11/5/14

Spock and I

Like Sheldon on The Big Bang Theory, I, too, am a devotee of the iconic Mr. Spock of Star Trek. I never confused him with the actor Leonard Nimoy until I saw the next iteration of him in Zachary Quinto, who seemed 'illogical' on some level.  But, unlike Sheldon, I am a woman, and I had this mad attraction to Mr. Spock, as did my college roommate, Jane, and apparently, a million other women. 

I made jokes about it, but when Star Trek (the Original TV Show) appeared on Netflix, I started binge-watching it all over again, and, again, becoming infected with my adoration of all things Vulcan and Mr. Spock.  Damn you, Netflix, Damn you! Better than ever! No commercial interruptions! and ON DEMAND! I'm am only my only second cycle of the 80 or so episodes. 

Now, I was a child in 1967-69 when the show aired, but I remember my older brother watching it. I caught on when I attended college in the 70s and it was on every day at 4pm after Jane and I returned from our classes at our Colorado college. We usually got high and settled in for the daily strange new frontier. Then, on Spring Break, we went to Los Angeles to visit friend Betsy of Santa Monica and she took us on a drive around Hollywood pointing out the stars' homes. Of course, we wanted to know where Spock lived, and she drove by some Brentwood estate, walled in, with no apparent entrance.
 

I had a flashback to that I Love Lucy episode where she jumps the wall of a movie star's home, but now in retrospect, I think Betsy was goofing on us. Her friend, a snarky surfer, kept telling us,
"Look, its Milton Berle!"
and we would whip our heads around, yelling, "Where?????"

Milton Berle, of course, was dead. We did go to Marilyn's grave, and we did see a 'star' when we passed some premier in action and Micheal York was visible. But, no Spock. 
So, Jane and I went back to school and returned to our ritual Star Trek routine with bong, 
and lusted like Nurse Chapel at the unobtainable Mr. Spock, too logical for romance, too emotionally distant to be a hot, passionate, steamy romance.

But, when these feeling erupted yet again via Netflix, I became a little more concerned.
I mean, I'm a baby boomer and I'm pushing 60, so this 'schoolgirl' crush caught me offguard.
I had actually seen Leonard Nimoy give a lecture at university where he was on a book tour for "I am Not Spock" and had carved out a post Star Trek career as a writer, photographer, and actor/director.I was of course, disappointed in the mundane Leonard Nimoy. I wanted Spock.

I went to my first Star Trek convention at college, too, and bought a really cool orange tee shirt with the Enterprise  stamped on the front. It was later stolen. I still miss that shirt.
and, of course, I watched with interest at the various incarnations of Star Trek in the latter days, but my only interest now was to write for the show. I sent a resume to Gene Roddenberry and got a call from the Next Generation producers who asked me to submit a script, but nothing ever came of it.  I wrote a script called "The Aurics," about a race of aliens who had some sort of electromagnetic powers, but in these pre-internet, pre digital days, this script, written on an IBM Selectric, got lost in space, along with my career. 

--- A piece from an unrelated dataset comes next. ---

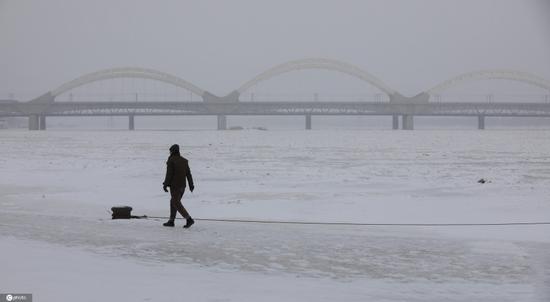 Songhua River in NE Chihna's Harbin completely frozen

My attraction to aliens waned because I met real ones walking the planet, and, while I had my fair share of romance, I was subconsciously still looking for that coolly, logical, mindmeld with a vulcan.  Now, in retrospect, I see that Jane and I, probably adored the unemotional Spock since we came from alcoholic dads, and overemotional mothers, whose lives quickly disintegrated into soap operas, rather than space operas  Jane and I detested stupidity and emotional displays, and now, I see why my unrequited passion for Spock and the myth of logical romance became an unrealized dream for me. 

I would call it 'emotional logic, ' or a mind over matter approach to control one's passionate nature and not be controlled by it.  Self mastery and self discipline became a form of self love for me in an age of excess, sexual revolution, drug and alcohol abuse, and well, all things baby boomer. I battled my own addictions and excesses, and lately, watched as alcoholism consumed the lives of loved ones in ways I could never anticipate.  I long for the cool, emotional logic and self discipline of First Officer Spock, the scientific Vulcan with no apparent character flaws except for his keen logical approach, and emotional control. Spock who will remain forever - fascinating.